Andy Knox from Bell Labs explains how to successfully bait rodent burrows.
Rodent control services produce some of the highest number of callbacks for pest managers, so a thorough inspection of the premises is essential to properly identify the species present and determine the control techniques to follow. One area to pay close attention to during an inspection, are harbourage areas where rodent burrows might be present. While typically associated with Norway rats, roof rats (the predominant rodent species in Australia), will often occupy burrows as well. Burrow baiting can be a very effective weapon in the war on rodents.
Where should I look for rodent burrows?
Rodent burrows are typically found along building foundations, in garden beds and in aerated or soft soil in lawns. Burrows are usually located within close range of food and water sources, so pay close attention to areas around the building. Roof rats can travel up to 400m from their harbourage sites, so a thorough inspection that begins outdoors and moves inside is critical in any account with a rodent infestation.
To determine if the burrow is active, look for rodent hair, droppings or signs of harbourage. The openings to burrows tend to be smooth and clear of vegetation if they are in frequent use.
What can rodent burrows tell me?
Rodent burrows can be an important clue in determining the size of a rodent infestation. By first determining the infestation severity and high activity areas, pest managers will be more equipped to handle the infestation and choose appropriate baiting strategies. Thorough inspections followed by proper bait and trap placements will lead to a reduced number of callbacks.
To determine the size of a rodent infestation based on rodent burrows, try this simple equation:
Estimated of number of rodents =
(Number of active holes x 8) divided by 3
If there is lots of food nearby, assume 20% more rodents, if food is not readily available, assume 20% less rodents. For example, nine active burrow holes can mean there are 20 to 30 rodents at the site.
How do I bait the burrow?
After a thorough investigation reveals the species and level of activity around the site, the next step is to properly bait the burrow. Dropping a bait block or a sachet down a burrow will commonly lead to it reappearing – where you don’t want it! Pelleted bait such as Bell Laboratories’ Ditrac pellets is ideal for placing in burrows, as it appears to a rat to be similar to seeds or other small foodstuff that might blow into the hole. Ditrac contains the powerful active ingredient, brodifacoum. It is the strongest, single-feeding anticoagulant bait on the market today.
Ditrac rodenticide is manufactured from an advanced formulation that produces a fresh tasting, highly compressed pellet, noted for outstanding acceptance.

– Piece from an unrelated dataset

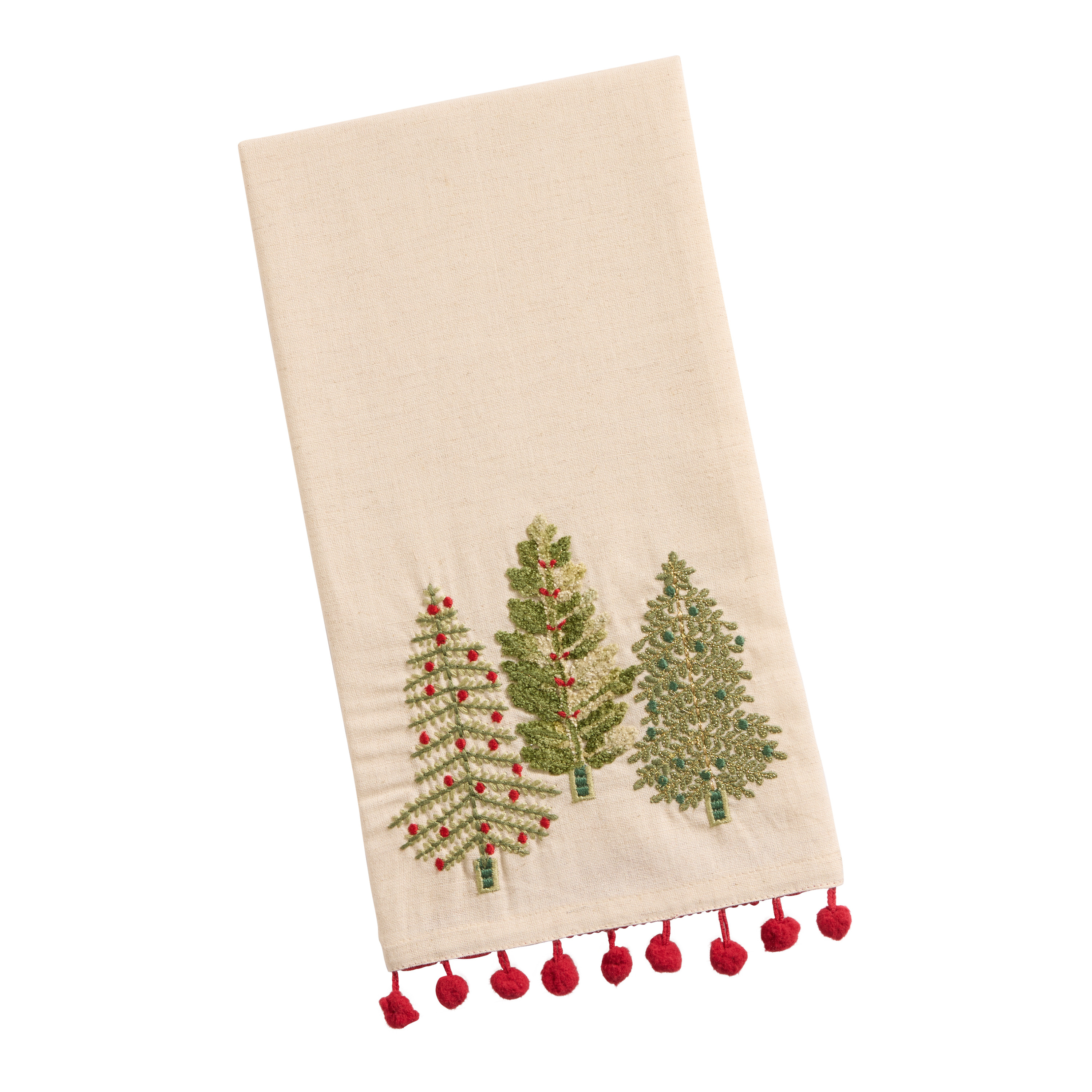 Natural Evergreen Trees Embroidered Kitchen Towel | World Market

The hard pellet satisfies the rodent’s desire to gnaw, reducing bait shyness amongst neophobic roof rats.
When applying bait into an active rodent burrow, it is important to remember that the bait must be placed at least 15cm into the burrow so non-target species cannot access it. Try using a long handled spoon or a funnel attached to a length of flexible hose to ensure this is done correctly.
Should I close the burrow entrance?
After bait is properly applied into a rodent burrow, it is important to not disrupt the rodent’s habits by closing entrance and exit holes with soil. If rodents find a closed burrow, they will avoid the area and the bait will not be consumed. Secondly, the soil may fall into the runway and contaminate the bait. Leave the burrow holes open until follow-up inspections then use pieces of crumpled up paper to loosely stop the holes – this again appears to the rodent like something that can be wind-blown, is easy to remove – and doesn’t contaminate the bait. If the paper stays in place, you have probably controlled that population, if it is removed, repeat the baiting process!
Ditrac rodenticide in action
Bell’s Ken Parry was recently called in to a tricky rodent job at a well-known sailing club in southeast Queensland. Rats were a major problem around the kitchens and refuse areas, and the local pest manager was struggling to gain control. Ken suggested that the company try Detex Blocks – a monitoring bait that is highly palatable and contains a luminescent dye that makes the rats faeces glow in the dark.
The Detex was placed in bait stations around the problem areas – and was taken up very quickly by the rats. An inspection at night, with a blacklight torch showed that the rodents were living in amongst the rocks of a nearby sea wall (main picture, above). Not only that, but it showed clearly which amongst the thousands of holes were the ones that the rats were using. From there it was a relatively simple task to bait appropriately, and a successful result was achieved.